Due to time reasons, the numerical settings may not be very rigorous, but the problem is the same.
Here the code:

import torch
import torch.nn as nn
import torch.optim as optim



class SimpleModel(nn.Module):
    def __init__(self):
        super(SimpleModel, self).__init__()
        self.adj = nn.Parameter(torch.Tensor(5, 5).fill_(0.5), requires_grad=False)  # fixed adj
        self.adj_mask = nn.Parameter(torch.ones(5, 5), requires_grad=True)  # trainable adj_mask

    def forward(self):
        masked_adj = torch.mul(self.adj,self.adj_mask) # mask adj with adj_mask
        return masked_adj

def print_tensor_info(tensor):
    num_zeros = (tensor == 0).sum().item()
    num_non_zeros = tensor.numel() - num_zeros
    max_val, min_val = tensor.max(), tensor.min()
    has_nan = torch.isnan(tensor).any().item()

    print(f"Zero values: {num_zeros}")
    print(f"Non-zero values: {num_non_zeros}")
    print(f"Max value: {max_val.item()}")
    print(f"Min value: {min_val.item()}")
    print(f"Has NaN: {has_nan}")

# prune the mask
def prune_mask(mask, percentage):
    with torch.no_grad():
        # print("before prune")
        # print_tensor_info(mask)
        adj_mask_tensor = mask.flatten()
        # print("before_adj_mask_tensor.shape: ", adj_mask_tensor.shape)
        nonzero = torch.abs(adj_mask_tensor) > 0
        adj_mask = adj_mask_tensor[nonzero]  # 13264 - 2708
        # print("before_adj_mask.shape: ", adj_mask.shape)
        # print(adj_mask)
        adj_total = adj_mask.shape[0]
        adj_y, adj_i = torch.sort(adj_mask.abs())
        adj_thre_index = int(adj_total * percentage)
        adj_thre = adj_y[adj_thre_index]
        # print("adj_thre", adj_thre)
        abs_values = torch.abs(mask)
        index = abs_values >= adj_thre
        mask.data[index] = 1
        mask.data[~index] = 0
        # print("After prune")
        # print_tensor_info(mask)
    # print("-------")


model = SimpleModel()

optimizer = optim.Adam([model.adj_mask], lr=10)

# input_data = torch.randn(5, 5)
target = torch.randn(5, 5)


pruneflag = False
for epoch in range(41):


    # if pruneflag:
    #     print("Check whether adj_mask has been pruned before forward propagation")
    #     print_tensor_info(model.adj_mask)
    masked_adj = model()
    loss = nn.MSELoss()(masked_adj, target)

    # if pruneflag:
    #     print("Check whether adj_mask has been pruned before backward propagation")
    #     print_tensor_info(model.adj_mask)
    optimizer.zero_grad()
    # if pruneflag:
    #     print("Check whether the adj_mask gradient has been cleared before backpropagation")
    #     print_tensor_info(model.adj_mask.grad)
    loss.backward()
    if(pruneflag):
        print("Check adj_mask gradient after backpropagation")
        print_tensor_info(model.adj_mask.grad)
        # optimizer.zero_grad()
        # print_tensor_info(model.adj_mask.grad)
    optimizer.step()
    if (pruneflag):
        print("Check adj_mask after backpropagation")
        print_tensor_info(model.adj_mask)
        pruneflag = False

    # prune every 20 epoch
    if epoch % 20 == 0:
        print("----epoch" + str(epoch))
        prune_mask(model.adj_mask, 0.2)
        pruneflag = True



After modifying the adj_mask tensor, during the backpropagation, I observe that the gradients on the adj_mask are not updating as intended—specifically, elements multiplied by zero through a Hadamard product are unexpectedly receiving gradients, which results in incorrect gradient computations.

Furthermore, despite manually setting the gradients to zero, the adj_mask continues to get updated following optimizer.step() in my code (you can refer to the commented out parts of my code).
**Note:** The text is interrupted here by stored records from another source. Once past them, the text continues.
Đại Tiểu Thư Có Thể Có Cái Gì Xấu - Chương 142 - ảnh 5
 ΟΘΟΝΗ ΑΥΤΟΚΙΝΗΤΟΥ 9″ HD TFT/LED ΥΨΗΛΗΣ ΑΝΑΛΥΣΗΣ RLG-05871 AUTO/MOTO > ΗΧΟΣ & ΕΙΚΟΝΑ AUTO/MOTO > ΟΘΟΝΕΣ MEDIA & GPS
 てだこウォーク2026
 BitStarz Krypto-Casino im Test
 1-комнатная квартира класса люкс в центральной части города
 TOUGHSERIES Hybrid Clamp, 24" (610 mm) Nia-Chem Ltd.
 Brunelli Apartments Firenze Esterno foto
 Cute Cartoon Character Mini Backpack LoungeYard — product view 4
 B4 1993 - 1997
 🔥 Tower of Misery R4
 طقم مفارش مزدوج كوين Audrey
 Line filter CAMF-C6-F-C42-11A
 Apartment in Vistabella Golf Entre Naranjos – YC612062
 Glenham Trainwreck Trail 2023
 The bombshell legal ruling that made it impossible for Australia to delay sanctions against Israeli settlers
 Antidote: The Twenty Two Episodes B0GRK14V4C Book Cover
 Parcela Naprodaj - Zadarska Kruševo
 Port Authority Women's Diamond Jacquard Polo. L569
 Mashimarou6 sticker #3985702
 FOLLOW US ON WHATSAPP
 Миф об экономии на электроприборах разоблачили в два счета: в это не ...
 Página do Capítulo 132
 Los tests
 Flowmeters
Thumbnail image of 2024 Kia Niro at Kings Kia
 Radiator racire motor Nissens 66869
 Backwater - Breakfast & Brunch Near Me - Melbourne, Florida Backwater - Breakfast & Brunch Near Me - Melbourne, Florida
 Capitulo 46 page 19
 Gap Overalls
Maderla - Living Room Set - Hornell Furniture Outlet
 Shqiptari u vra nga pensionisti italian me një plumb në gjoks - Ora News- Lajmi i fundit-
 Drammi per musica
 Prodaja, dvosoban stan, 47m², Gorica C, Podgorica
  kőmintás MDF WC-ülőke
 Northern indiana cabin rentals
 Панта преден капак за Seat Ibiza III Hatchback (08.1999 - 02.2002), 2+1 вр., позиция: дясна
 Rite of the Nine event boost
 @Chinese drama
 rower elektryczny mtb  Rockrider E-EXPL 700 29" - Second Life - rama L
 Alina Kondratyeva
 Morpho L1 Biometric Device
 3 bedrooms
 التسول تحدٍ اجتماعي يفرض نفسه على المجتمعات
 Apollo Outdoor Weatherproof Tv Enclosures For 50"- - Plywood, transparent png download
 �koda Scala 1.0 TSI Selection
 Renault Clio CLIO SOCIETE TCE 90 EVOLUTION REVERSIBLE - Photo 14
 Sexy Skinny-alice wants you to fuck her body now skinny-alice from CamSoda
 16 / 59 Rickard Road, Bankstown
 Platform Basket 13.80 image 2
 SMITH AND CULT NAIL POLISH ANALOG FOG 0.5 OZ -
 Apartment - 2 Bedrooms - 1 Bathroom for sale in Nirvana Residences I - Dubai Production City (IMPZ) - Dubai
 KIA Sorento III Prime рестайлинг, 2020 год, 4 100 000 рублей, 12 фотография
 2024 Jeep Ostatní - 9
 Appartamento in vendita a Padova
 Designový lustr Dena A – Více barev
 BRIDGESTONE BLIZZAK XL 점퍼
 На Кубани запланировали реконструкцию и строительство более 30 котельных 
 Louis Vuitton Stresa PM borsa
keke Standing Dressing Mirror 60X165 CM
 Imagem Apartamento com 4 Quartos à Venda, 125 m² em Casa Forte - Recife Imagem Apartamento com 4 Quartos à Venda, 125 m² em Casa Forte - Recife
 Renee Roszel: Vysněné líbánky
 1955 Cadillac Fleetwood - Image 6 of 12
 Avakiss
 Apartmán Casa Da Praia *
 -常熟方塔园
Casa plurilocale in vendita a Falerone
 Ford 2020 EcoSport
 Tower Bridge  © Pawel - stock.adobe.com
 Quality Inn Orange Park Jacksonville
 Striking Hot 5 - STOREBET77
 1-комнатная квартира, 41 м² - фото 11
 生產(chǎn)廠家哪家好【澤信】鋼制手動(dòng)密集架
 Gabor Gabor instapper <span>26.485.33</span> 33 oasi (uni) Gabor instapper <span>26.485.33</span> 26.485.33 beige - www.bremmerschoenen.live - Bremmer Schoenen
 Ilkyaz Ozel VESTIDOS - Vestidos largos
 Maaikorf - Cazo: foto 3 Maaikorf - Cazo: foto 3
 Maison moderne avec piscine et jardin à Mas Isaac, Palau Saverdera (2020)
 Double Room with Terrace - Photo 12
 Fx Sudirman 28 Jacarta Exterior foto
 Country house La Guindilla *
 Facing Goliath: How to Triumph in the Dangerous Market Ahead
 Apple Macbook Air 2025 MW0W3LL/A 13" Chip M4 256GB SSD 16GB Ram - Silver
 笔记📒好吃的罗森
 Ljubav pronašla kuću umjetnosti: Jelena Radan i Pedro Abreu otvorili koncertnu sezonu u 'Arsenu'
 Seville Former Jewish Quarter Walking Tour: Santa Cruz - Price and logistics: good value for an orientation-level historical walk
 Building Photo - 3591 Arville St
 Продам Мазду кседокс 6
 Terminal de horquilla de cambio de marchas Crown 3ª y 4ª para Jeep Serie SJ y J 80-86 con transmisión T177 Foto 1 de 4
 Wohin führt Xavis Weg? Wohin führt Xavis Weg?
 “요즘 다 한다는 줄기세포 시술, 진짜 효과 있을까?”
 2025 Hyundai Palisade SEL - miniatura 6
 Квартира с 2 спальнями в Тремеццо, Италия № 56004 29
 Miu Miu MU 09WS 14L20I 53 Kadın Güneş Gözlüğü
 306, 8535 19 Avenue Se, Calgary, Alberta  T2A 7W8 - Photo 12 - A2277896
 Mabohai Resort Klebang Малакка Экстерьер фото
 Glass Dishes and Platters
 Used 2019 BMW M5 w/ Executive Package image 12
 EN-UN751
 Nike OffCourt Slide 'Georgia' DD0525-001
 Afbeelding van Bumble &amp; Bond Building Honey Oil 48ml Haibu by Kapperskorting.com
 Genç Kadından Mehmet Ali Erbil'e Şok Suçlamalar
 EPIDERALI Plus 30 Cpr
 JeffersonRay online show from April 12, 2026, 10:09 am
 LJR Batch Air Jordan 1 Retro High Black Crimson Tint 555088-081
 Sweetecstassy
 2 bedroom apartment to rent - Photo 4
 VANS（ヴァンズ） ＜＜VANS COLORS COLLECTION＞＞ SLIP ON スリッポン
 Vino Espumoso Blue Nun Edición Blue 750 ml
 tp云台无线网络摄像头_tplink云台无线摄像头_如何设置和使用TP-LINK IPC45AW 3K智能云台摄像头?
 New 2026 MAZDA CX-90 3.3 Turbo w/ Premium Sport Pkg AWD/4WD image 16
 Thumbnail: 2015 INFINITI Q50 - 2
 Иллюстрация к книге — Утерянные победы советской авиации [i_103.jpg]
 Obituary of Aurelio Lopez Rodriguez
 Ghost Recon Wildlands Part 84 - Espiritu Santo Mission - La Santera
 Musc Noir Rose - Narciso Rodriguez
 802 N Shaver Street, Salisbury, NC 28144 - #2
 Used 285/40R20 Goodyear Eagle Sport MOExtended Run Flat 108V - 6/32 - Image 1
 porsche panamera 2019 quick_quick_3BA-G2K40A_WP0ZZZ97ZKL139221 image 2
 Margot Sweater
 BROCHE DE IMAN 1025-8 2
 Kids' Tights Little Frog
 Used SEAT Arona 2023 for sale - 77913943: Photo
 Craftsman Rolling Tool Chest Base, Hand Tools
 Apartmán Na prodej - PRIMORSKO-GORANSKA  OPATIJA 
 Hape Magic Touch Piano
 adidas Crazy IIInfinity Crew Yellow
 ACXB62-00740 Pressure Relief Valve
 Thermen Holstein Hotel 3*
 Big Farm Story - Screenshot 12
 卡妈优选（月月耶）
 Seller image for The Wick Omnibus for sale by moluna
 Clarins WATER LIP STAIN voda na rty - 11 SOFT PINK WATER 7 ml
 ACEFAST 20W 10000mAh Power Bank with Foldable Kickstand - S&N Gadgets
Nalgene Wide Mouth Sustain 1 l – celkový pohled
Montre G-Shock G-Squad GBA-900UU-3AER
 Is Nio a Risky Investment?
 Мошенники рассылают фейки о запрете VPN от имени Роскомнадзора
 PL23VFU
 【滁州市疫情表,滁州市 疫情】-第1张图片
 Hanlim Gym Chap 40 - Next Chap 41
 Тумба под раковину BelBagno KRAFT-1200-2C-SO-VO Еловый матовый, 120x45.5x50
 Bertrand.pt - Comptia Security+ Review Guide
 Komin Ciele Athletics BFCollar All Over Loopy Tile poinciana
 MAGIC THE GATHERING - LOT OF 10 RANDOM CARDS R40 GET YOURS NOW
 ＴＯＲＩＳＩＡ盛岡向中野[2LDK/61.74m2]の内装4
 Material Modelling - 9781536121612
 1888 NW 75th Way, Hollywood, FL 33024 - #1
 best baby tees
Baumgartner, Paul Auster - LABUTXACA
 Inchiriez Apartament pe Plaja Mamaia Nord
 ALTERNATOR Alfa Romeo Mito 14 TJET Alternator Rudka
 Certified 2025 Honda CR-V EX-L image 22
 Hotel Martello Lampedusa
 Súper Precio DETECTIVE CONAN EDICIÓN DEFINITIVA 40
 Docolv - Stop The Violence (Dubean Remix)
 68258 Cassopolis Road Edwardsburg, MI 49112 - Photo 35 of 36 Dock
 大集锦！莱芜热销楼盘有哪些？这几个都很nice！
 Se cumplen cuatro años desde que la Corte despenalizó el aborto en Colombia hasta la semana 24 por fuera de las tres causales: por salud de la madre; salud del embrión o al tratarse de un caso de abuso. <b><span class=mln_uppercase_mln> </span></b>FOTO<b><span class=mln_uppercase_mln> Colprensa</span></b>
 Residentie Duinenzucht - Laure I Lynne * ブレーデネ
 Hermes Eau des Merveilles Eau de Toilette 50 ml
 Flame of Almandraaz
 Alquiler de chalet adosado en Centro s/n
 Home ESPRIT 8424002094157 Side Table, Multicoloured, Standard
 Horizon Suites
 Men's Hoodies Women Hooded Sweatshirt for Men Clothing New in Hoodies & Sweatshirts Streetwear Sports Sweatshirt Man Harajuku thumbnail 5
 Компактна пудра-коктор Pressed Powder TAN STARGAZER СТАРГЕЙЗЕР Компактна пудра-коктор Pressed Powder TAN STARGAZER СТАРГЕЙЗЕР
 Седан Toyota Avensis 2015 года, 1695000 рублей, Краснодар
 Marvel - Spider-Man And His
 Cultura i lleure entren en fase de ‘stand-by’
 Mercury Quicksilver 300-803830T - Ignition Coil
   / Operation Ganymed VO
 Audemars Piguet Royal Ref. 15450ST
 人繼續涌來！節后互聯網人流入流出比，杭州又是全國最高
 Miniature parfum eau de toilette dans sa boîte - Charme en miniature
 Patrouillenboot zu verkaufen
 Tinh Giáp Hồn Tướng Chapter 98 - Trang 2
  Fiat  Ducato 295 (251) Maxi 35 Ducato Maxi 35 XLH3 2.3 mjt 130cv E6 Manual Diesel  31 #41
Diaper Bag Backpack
I hypothesize that this could be related to the momentum inherent in the Adam optimizer because the issue does not occur when I switch to SGD. Nonetheless, this hypothesis doesn’t clarify the underlying reason for the first question.

Thank you in advance for taking the time to read through my query and for any assistance you can provide.